French has written two books: The Lost Kitchen: Recipes and a Good Life Found in Freedom, Maine: A Cookbook. This cookbook offers glimpses into her life and the recipes written in a manner that is easy for all to understand. She is a self-taught cook that is easy to relate to. This book gives glimpses of the food served at the restaurant and offers the home cook an opportunity to create a meal that one could find at the restaurant.

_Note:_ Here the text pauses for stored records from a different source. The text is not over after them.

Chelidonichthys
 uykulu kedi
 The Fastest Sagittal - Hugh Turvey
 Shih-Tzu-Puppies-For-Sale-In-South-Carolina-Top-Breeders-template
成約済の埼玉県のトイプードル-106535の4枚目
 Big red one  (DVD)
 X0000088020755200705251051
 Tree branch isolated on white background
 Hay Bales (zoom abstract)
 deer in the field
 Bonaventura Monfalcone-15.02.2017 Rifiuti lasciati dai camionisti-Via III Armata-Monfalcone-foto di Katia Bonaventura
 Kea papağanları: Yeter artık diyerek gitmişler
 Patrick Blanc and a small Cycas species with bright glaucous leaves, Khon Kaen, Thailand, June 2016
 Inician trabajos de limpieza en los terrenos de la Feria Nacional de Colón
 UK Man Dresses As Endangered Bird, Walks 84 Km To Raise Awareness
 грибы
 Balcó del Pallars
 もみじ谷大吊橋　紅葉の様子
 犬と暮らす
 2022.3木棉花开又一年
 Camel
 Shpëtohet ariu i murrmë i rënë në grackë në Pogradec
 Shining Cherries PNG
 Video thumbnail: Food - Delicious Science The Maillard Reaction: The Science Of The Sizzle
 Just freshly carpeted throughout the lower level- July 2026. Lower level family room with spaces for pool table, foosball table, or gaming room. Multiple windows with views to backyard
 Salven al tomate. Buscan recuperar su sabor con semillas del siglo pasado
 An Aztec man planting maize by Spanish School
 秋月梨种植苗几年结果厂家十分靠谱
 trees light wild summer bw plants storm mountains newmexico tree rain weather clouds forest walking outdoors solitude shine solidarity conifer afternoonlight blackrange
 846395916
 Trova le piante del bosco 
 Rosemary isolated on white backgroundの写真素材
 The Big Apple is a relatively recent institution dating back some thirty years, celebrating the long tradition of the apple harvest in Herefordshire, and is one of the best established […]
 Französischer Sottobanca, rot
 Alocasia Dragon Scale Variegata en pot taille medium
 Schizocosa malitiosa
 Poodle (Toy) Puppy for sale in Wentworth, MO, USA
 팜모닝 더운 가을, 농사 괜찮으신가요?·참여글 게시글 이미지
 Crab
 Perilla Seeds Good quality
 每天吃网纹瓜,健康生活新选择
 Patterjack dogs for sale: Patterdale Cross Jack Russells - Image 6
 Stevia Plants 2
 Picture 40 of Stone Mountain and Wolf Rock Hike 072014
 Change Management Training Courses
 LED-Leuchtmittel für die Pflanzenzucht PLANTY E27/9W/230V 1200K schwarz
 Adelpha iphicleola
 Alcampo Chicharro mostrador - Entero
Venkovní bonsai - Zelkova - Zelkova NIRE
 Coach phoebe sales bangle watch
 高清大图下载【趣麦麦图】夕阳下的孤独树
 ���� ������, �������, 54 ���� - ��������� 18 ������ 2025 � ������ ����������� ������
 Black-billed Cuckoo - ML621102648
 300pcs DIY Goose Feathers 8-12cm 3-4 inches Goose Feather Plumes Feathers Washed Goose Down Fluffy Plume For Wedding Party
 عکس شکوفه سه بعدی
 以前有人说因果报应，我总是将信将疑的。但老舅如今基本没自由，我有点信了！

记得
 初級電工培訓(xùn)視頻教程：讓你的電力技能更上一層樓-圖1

Her recent book Finding Freedom: A Cook’s Story; Remaking Life From Scratch is her memoir, and I just adored it. I loved learning more about her early life and those struggles, her early baking and restaurant career, and now her restaurant {the} Lost Kitchen. In between all of this was a marriage that she had so many hopes for and what I perceived to be a husband jealous of her success. The more successful she became, the more controlling and jealous he was until she spiraled into abusing prescription drugs, soon losing the restaurant and custody of her son. The book details how she went to rehab, picked herself up and got clean of the drugs, and created a life to be proud of with her son and her mother by her side. The book is fascinating, sad, unbelievable, inspiring, heartwarming, and so good I devoured it in one sitting. I had not heard of her until I saw the Today Show interview in April of this year. After watching it, I was so impressed I had to learn more about this incredible woman and the restaurant and legacy she is building.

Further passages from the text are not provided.